Posted by MMA Junkie on October 22, 2007 at 1:06 pm ET


Ken ShamrockHeavyweight champion Randy Couture isn’t the only UFC Hall of Famer who’s had a falling out with UFC President Dana White.


Before the UFC legend abruptly resigned from the UFC earlier this month, Ken Shamrock had his own issues with UFC management. After working to become the biggest name in mixed-martial arts — and becoming perhaps the first MMA superstar to get the sport international recognition — his relationship with the UFC soured to the point of being essentially nonexistent today.


MMAjunkie.com recently caught up with the MMA trailblazer to discuss his thoughts on Couture’s resignation, his own problems with the UFC, why a rumored fight with Michael Bisping never worked out, and even his open fighter tryouts he has set for Thursday.


MMAJUNKIE.COM: You’ve spent as much time with the UFC as just about anyone else. What was your reaction when you first heard the news that Randy Couture resigned from the UFC?

KEN SHAMROCK: It didn’t surprise me because of what they did to me. I basically sold my body to them. I mean I fought hurt all the time — and I got paid, of course… (UFC management) seems to think that the UFC is everything and that it doesn’t have to respect anybody.

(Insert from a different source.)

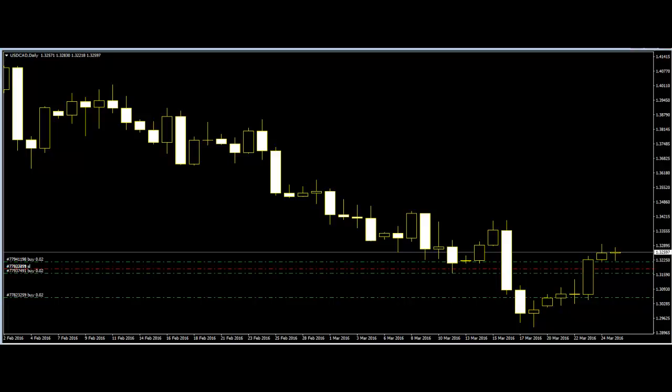A trend channel line overshoot refers to the price shooting clear out of the observable trend channel further in the direction of the trend. An overshoot does not have to be reversible since it can occur during a wide trend bar.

The guys who built this sport are thrown outside — the guys who were there before Dana White got there. Dana’s not a fighter, and he’s not a tough guy, and he walks around talking to people, treating people with disrespect, talks about people’s managers because he doesn’t like them. Randy Couture was an absolute gentleman in the sport. Myself, and Royce Gracie, and other people who developed the sport before Dana White ever got in there, he treats them like dog crap… The fans need to understand that the money that they’re putting into the UFC and spending is going into Dana White’s pocket and the Fertittas’ pocket. They made billions of dollars on this company, and they’re selling souls.


MMAJUNKIE.COM: Kind of along those lines, I know Dana’s been quick to call it a retirement, though Randy’s saying it’s absolutely not a retirement. Did you go through that too? Did you feel like they were trying to force you into retirement?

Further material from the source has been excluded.